### [TASK DESCRIPTION]
Look through the data below for the line with "Kırsal kalkınmaya 12,5" and the line with "Men Indigo Melange", then transcribe exactly from the first through the second, leaving out all pictures.

### [INFORMATION PROVIDED]
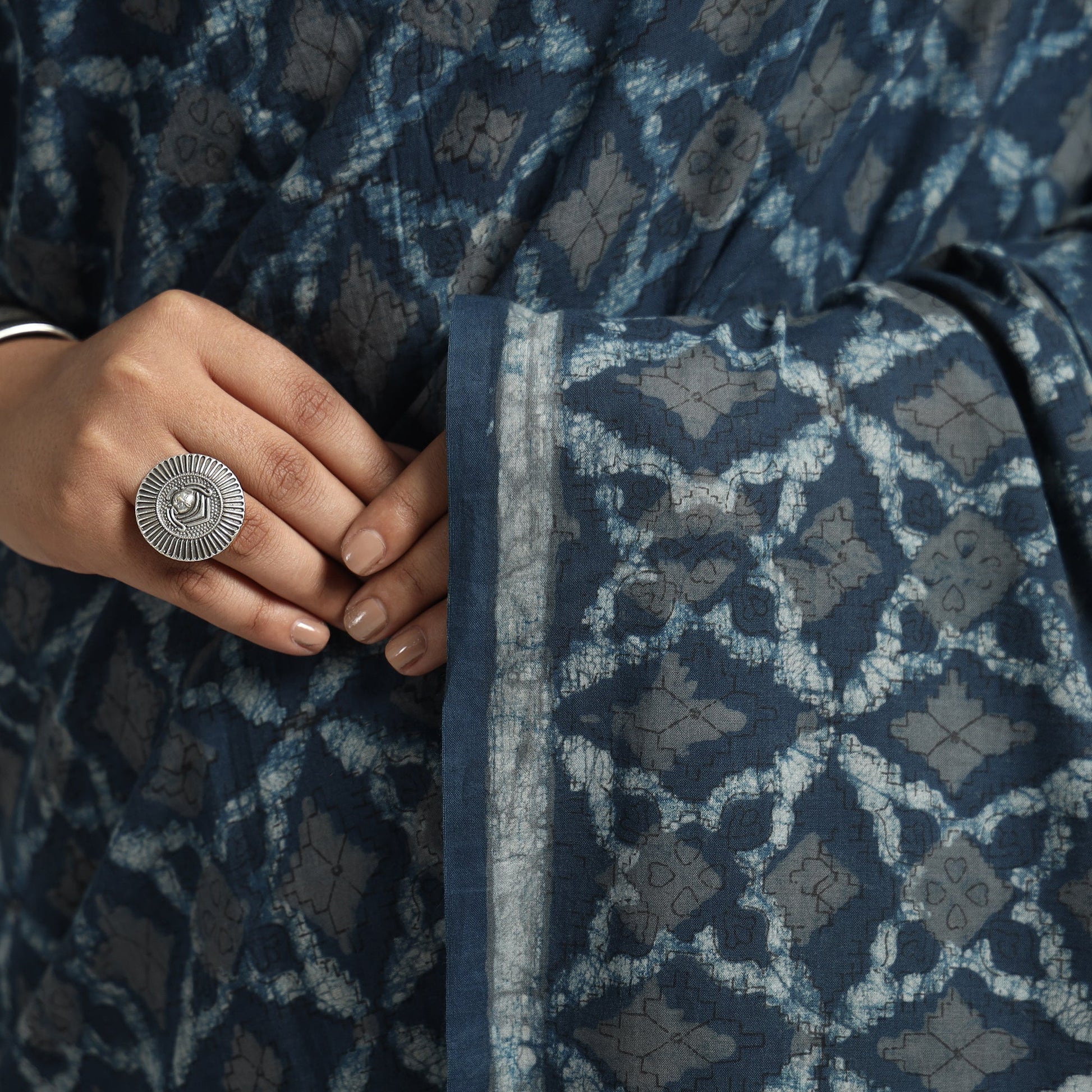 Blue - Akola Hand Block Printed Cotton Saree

...

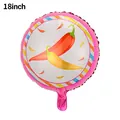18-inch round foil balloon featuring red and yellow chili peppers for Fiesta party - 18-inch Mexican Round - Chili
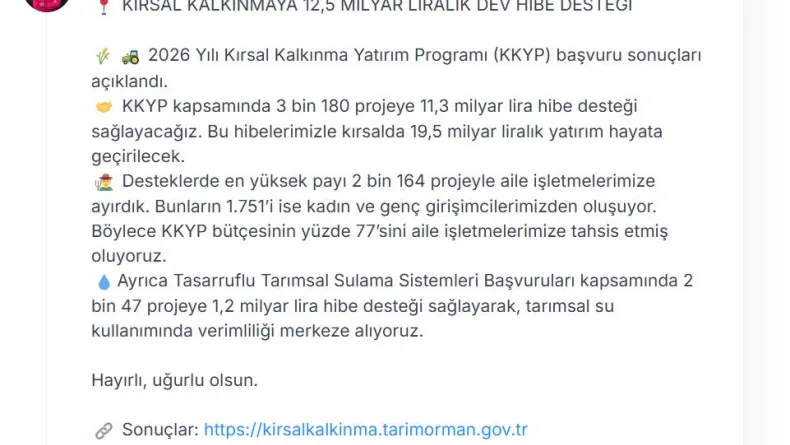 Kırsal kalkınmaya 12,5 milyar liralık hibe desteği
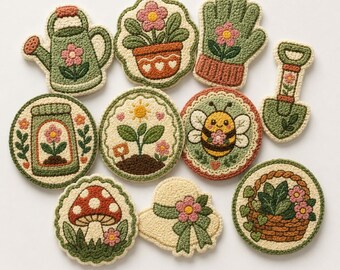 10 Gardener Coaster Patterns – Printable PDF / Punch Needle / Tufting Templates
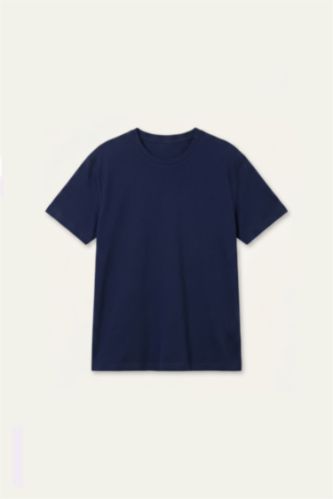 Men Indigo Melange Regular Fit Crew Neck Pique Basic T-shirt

---

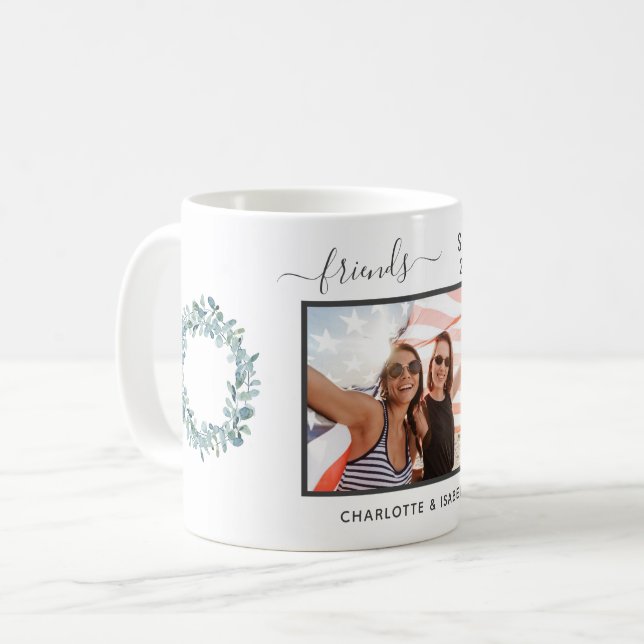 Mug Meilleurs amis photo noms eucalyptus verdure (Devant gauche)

### [RESPONSE AREA]
 Kırsal kalkınmaya 12,5 milyar liralık hibe desteği
 10 Gardener Coaster Patterns – Printable PDF / Punch Needle / Tufting Templates
 Men Indigo Melange Regular Fit Crew Neck Pique Basic T-shirt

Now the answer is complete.